• Extracted records
:::::

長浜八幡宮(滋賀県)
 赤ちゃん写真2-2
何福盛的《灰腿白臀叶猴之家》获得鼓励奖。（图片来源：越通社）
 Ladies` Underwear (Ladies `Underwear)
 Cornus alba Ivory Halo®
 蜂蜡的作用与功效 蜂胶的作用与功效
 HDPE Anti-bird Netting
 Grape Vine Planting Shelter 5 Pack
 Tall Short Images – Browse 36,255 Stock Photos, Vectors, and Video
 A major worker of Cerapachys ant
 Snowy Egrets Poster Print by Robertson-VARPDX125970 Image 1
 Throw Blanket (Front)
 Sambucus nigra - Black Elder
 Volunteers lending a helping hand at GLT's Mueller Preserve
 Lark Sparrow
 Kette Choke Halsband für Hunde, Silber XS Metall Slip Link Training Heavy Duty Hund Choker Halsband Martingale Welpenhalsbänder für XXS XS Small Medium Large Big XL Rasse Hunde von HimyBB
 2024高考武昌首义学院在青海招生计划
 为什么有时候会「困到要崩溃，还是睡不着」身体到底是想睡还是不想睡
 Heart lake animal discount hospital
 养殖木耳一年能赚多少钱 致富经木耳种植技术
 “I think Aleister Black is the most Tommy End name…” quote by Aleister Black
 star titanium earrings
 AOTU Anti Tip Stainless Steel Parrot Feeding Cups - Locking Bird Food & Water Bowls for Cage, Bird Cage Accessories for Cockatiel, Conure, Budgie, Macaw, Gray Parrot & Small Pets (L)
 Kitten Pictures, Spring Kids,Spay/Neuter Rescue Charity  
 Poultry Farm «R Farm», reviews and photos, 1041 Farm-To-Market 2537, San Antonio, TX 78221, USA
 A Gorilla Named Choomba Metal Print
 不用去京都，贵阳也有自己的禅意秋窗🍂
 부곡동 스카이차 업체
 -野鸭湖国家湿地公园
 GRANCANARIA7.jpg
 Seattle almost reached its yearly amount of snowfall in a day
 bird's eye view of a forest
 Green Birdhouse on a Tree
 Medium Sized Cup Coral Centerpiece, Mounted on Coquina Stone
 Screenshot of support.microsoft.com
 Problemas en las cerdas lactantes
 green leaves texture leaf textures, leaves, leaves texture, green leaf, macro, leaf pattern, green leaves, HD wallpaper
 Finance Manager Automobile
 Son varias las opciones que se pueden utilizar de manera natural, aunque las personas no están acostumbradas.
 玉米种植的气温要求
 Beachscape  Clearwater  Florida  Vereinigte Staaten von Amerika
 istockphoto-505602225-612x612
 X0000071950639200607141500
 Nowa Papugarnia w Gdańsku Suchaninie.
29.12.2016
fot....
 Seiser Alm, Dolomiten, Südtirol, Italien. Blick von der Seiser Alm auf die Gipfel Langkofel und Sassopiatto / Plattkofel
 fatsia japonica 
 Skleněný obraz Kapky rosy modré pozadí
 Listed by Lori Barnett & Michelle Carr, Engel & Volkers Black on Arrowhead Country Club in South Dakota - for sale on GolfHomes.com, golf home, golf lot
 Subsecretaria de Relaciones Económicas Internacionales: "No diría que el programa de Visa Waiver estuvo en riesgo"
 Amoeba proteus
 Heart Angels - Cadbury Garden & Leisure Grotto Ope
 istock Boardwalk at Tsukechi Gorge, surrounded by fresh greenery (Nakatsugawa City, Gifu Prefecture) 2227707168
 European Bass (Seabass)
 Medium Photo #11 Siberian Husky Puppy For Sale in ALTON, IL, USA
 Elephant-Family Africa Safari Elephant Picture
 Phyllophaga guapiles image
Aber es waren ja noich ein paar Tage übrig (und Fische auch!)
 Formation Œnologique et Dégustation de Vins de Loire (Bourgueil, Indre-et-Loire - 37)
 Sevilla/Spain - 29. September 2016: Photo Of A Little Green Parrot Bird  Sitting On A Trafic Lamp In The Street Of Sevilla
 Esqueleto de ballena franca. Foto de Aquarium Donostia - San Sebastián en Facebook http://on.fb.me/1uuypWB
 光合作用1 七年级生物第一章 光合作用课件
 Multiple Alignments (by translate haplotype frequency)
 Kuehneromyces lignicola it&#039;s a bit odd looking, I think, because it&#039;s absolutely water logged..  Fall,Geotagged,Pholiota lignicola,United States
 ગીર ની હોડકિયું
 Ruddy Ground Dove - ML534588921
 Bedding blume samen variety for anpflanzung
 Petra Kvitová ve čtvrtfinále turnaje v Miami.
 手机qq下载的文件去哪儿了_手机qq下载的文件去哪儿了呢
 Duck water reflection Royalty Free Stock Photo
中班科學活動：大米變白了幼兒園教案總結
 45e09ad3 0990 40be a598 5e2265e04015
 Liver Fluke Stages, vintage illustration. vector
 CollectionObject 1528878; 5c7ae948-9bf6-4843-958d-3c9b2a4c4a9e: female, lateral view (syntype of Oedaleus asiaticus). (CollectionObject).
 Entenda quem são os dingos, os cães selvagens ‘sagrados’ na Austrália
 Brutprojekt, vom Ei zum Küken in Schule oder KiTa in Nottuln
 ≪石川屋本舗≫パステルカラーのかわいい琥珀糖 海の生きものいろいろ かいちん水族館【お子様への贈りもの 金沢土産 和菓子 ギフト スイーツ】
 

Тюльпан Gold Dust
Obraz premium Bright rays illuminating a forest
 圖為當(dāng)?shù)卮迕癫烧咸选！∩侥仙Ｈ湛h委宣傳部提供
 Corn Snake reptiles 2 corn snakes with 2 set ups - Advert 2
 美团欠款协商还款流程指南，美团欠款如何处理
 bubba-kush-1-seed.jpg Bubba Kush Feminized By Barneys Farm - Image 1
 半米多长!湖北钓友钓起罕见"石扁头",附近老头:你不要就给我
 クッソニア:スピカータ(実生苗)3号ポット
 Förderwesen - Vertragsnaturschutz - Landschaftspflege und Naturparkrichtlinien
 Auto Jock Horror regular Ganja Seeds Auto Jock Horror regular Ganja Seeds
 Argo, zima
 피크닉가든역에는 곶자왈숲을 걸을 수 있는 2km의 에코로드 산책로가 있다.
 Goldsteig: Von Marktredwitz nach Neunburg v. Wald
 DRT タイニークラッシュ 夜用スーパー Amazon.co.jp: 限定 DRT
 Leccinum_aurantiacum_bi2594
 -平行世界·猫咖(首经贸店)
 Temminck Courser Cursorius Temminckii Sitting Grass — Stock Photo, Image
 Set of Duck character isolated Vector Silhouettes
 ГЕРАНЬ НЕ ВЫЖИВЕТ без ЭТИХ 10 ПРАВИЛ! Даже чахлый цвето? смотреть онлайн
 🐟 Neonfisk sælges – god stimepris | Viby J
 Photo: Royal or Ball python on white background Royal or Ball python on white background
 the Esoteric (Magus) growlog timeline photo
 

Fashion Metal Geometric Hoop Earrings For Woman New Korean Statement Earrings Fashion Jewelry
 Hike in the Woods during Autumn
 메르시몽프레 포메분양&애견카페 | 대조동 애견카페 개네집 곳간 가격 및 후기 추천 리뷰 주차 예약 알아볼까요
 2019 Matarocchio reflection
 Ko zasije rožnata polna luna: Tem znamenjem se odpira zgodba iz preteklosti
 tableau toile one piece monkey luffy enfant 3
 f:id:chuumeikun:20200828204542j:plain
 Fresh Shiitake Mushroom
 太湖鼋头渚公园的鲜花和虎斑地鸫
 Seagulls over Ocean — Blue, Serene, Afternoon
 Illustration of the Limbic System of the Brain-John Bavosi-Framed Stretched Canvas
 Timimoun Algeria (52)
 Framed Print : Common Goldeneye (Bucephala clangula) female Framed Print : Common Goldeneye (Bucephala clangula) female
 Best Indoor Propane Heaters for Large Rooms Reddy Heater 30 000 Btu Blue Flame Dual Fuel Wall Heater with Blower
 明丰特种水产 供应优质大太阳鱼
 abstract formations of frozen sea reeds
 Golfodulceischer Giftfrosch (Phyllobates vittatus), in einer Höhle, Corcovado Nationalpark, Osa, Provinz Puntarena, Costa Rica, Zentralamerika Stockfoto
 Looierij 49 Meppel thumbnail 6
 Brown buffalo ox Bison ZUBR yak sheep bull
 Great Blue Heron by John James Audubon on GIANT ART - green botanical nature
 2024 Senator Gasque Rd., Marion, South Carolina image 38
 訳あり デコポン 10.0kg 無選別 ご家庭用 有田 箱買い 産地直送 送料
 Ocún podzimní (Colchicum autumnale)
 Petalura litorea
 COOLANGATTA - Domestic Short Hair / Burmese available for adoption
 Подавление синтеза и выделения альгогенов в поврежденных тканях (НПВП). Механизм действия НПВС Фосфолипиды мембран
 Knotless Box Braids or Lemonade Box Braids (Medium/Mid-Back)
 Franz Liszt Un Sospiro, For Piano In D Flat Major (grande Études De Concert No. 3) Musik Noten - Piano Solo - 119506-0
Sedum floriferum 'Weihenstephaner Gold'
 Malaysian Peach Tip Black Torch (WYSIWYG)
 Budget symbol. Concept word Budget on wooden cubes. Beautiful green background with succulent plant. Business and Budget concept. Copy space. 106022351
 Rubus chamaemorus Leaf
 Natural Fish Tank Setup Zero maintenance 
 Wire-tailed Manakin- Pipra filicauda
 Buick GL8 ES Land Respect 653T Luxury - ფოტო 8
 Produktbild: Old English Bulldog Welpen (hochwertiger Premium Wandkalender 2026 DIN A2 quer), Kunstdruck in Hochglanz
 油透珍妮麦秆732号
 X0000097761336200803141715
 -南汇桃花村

:::::

• Exercise goal
When a line in the data above contains the string "John", copy that line.

• Response
 Illustration of the Limbic System of the Brain-John Bavosi-Framed Stretched Canvas
 Great Blue Heron by John James Audubon on GIANT ART - green botanical nature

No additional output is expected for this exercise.